Alla luce della vicenda di Giulia Cecchettin e delle parole della sorella, vediamo in che modo le parole e il linguaggio in generale veicolano concetti misogini.
Nell’appello ormai diffusissimo in rete di Elena Cecchettin, sorella della vittima Giulia, c’è l’invito agli uomini di agire. C’è l’invito ad un’educazione affettiva, che spesso manca. C’è l’invito a capire che chi compie queste azioni purtroppo non è un “mostro”, ma un uomo che si allinea con quello che è lo standard della società, non un’anomalia. In una società in cui la retorica del patriarcato e della cultura dello stupro è così diffusa e vissuta come se fosse normalità, una figura come Turetta, il presunto assassino, non è da vedersi come un’eccezione. “È stato il vostro bravo ragazzo”.
Il vostro bravo ragazzo
Questa espressione è ripresa dal libro di Valeria Fonte, in passato vittima di molestie e violenze. Il libro si intitola “Ne uccide più la lingua” ed è un resoconto di alcune sue esperienze personali. Nello specifico, però, sottolinea effettivamente come alcune espressioni che vengono usate anche nel quotidiano siano la matrice di una cultura patriarcale, dove viene esaltato un certo tipo di uomo e denigrata la donna.
L’espressione in questione viene utilizzata per dichiarare che il problema non è del singolo, ma sistemico. Se infatti, come dice anche Elena Cecchettin, si fa del singolo un “mostro”, lo si allontana da quello che è la società e viene vista come una cosa lontana, quasi non vera, che non è parte integrante della società. Al contrario, è da evitare anche di “iperumanizzare il carnefice”, andando a cercare giustificazioni che tali non sono. Il concetto è che non è il singolo che compie il gesto, ma la collettività che sguazza in una società che non funziona e che continua a voler andare avanti con delle retoriche di base misogine.
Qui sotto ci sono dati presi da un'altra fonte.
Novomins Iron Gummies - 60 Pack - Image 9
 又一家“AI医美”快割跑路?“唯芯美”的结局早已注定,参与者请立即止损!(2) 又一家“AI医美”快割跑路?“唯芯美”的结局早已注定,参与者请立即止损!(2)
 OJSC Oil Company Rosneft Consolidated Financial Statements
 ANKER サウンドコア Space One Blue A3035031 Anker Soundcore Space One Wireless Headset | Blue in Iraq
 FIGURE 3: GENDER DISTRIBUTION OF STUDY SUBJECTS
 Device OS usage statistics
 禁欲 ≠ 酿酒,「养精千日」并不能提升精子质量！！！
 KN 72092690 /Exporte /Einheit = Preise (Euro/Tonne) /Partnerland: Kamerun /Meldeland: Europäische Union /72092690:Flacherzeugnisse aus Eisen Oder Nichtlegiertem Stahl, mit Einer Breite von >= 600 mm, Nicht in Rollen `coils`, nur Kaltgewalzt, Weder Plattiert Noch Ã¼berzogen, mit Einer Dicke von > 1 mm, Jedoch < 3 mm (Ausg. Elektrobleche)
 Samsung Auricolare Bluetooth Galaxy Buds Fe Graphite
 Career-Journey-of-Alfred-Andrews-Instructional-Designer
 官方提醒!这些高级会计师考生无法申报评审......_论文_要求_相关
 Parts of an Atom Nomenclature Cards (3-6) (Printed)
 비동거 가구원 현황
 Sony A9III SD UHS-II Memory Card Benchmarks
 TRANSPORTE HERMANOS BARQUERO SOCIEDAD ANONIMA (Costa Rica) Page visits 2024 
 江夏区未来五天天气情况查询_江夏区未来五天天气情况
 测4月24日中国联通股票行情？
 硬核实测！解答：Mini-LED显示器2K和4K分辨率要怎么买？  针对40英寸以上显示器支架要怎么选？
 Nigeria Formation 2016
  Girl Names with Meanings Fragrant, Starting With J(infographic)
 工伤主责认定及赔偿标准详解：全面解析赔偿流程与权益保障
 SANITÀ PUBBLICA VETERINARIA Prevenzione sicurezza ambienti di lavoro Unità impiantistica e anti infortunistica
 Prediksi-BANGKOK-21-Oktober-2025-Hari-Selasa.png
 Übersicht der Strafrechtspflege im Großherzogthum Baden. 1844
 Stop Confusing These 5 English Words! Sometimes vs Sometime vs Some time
Un esempio tratto dal libro è il concetto di “ignorare”. Viene spesso detto, davanti a molestie, ma anche a violenze, di ignorare e far finta di nulla. Di non creare ulteriore disagio, per un disagio che è stato creato. Se è difficile per alcuni uomini immaginare una situazione del genere, basti pensare alla giornalista Greta Beccaglia. In diretta TV un ragazzo le aveva palpato il sedere, commettendo un grave atto di violenza sessuale. Dallo studio, un collega della giornalista, come tutta risposta alla situazione, le aveva detto di “non pensarci”, ignorare. Un gesto di una naturalezza inconcepibile, ma nato proprio da una mentalità ormai radicata.
Non ci sorprendiamo
“Di che ci sorprendiamo se un giovane considera una donna un oggetto […]”.
Queste sono le parole di Cristiana Capotondi in una trasmissione de La7 in riferimento alla musica trap. Ovviamente il discorso non vuole fare una generalizzazione totale, ma è indubbio che molti artisti, specialmente in questa scena della musica italiana, adottano una retorica misogina. Non si vuole dire che gli artisti incitino al femminicidio, ma alimentano una visione sbagliata della donna, vista come oggetto, il più delle volte come oggetto sessuale.
La cosa più preoccupante è che poi chi ascolta questa musica sono gli adolescenti, che in qualche modo sono più influenzabili da media di questo tipo.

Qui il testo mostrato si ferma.